Good day all and hello form New Zealand! so i figured id share what i have been doing and maybe it will help someone along the way
i started by printing all the parts then coating them all with epoxy then sanding and polishing to waterproof them im using PLA on my CR10 but ABS works aswell. The Cr10 is slightly modded so it prints really nicely
started making a test box just to see how everything worked out on the water
4 x 8000mah lipos for 16s
1 x coulometer
1 x 48v dc 150A breaker
1 x 12dc self priming pump
1 x 400A 22s boat esc (thing is an animal on 20s) they shipped it wit the wrong sticker saying 200A lol
1 x HK G2b controller
Ended up running standalone batt for tx/rx and pump while testing
Vid below of the china gearbox Assembly
Going to be using a Liquidforce foil
Drilled out the mast and put the cables and water cooling tube down the center
Your build looks fantastic!

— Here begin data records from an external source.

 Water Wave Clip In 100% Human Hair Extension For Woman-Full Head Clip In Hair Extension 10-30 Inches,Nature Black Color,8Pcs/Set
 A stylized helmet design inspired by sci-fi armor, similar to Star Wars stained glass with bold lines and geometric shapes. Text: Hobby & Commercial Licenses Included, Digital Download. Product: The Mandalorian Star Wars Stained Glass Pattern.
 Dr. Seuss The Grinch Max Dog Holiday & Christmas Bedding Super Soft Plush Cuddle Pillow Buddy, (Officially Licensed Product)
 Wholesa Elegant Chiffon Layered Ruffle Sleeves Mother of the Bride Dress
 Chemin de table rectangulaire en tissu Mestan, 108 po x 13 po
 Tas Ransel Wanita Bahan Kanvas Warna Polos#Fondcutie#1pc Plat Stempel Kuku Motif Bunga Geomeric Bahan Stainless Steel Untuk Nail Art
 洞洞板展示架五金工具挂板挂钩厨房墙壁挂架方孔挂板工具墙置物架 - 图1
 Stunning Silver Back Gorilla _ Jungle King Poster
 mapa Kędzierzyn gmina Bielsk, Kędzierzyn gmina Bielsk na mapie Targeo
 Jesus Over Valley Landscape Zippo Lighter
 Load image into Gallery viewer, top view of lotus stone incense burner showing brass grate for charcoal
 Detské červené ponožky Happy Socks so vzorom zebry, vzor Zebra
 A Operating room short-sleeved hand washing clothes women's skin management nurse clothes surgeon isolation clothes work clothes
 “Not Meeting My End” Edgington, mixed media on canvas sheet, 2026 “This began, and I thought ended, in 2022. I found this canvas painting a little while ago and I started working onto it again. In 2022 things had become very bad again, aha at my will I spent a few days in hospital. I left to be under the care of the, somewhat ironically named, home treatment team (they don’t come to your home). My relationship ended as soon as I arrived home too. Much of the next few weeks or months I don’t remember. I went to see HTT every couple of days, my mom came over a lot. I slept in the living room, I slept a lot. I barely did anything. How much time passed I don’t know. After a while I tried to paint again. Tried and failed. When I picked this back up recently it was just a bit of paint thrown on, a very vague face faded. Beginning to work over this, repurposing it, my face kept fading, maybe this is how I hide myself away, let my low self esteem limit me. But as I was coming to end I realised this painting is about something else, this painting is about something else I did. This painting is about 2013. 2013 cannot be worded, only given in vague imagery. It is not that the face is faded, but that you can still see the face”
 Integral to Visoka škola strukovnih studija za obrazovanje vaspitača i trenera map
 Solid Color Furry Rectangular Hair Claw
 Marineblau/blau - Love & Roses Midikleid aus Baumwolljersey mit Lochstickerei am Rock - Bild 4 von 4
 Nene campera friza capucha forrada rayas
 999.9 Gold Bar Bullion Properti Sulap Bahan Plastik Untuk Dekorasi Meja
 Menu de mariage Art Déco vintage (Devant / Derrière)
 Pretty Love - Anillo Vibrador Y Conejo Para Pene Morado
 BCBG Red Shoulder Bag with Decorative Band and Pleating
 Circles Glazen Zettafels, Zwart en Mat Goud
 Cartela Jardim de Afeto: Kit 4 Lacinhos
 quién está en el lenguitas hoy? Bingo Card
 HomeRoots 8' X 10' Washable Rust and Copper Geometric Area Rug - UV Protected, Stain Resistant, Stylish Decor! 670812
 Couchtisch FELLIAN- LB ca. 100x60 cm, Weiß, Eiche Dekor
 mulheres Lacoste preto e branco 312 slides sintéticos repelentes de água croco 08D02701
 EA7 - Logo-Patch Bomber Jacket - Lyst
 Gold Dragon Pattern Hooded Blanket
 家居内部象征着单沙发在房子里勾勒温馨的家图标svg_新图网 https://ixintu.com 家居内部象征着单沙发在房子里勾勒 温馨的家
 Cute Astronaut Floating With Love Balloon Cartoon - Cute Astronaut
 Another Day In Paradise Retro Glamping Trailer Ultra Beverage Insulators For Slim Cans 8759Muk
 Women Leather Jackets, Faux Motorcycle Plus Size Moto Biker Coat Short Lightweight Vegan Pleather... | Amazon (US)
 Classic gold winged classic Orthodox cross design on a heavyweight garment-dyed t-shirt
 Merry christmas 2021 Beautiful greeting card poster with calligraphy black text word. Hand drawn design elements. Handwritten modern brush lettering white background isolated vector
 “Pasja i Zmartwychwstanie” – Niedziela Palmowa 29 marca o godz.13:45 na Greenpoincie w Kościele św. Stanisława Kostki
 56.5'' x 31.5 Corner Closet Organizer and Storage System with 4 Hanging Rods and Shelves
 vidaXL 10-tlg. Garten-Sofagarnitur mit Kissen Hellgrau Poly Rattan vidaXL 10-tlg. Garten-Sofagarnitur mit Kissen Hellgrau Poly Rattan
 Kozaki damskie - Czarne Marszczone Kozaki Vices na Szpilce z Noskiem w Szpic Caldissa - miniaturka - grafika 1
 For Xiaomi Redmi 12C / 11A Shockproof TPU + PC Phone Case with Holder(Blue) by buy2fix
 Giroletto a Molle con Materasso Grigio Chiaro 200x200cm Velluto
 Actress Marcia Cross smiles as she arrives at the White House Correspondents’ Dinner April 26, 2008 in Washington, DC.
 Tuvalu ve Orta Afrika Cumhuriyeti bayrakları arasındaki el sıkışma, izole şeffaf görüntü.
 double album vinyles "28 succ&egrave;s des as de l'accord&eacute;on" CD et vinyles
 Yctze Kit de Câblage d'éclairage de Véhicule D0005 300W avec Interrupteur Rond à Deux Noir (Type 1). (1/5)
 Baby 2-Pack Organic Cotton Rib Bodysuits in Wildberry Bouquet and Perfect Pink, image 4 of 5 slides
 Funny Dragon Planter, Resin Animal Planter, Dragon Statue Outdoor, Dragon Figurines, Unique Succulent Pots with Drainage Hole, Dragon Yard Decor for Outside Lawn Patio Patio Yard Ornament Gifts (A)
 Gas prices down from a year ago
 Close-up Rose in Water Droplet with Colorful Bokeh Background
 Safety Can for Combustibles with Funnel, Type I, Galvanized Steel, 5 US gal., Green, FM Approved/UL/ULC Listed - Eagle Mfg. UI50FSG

What was the most difficult part, or unpredicted problem?
Thanks! i think keeping the pod watertight is the hardest part, that and the remote not being waterproof lol. But i am working on a removable motor pod with a plug in system so the motor pod can be can be swapped easily,
my first unpredicted problem was the motor rotating in the aluminum tube and unplugging its self when i was miles off shore - that was a bit of a paddle back lol. second was water getting in the motor pod.
Build looks awesome. That Chinese gearbox looks like the one I have, untested with load.
How are you managing the motor connections in the removable pod?
How did you manage that? Did you fix the motor separately?
Hopefully going to use something along theses lines
then the pins will plug into the female ones at the back of the aluminum tube. ill post up progress as i go, just busy with work atm so not much time to work on the foil unfortunately
i made the back end of the double o ring mount 5 mm longer to accommodate some 4 mm grub screws on the water side of the seal,in the pic on the right is the original pacificMeister, one on the and on the left the is te one with a bigger lip for the grub screws
so the grub screws keep the aluminium tube fixed radially and axially (compared to the gearbox and motor) from the propeller side?!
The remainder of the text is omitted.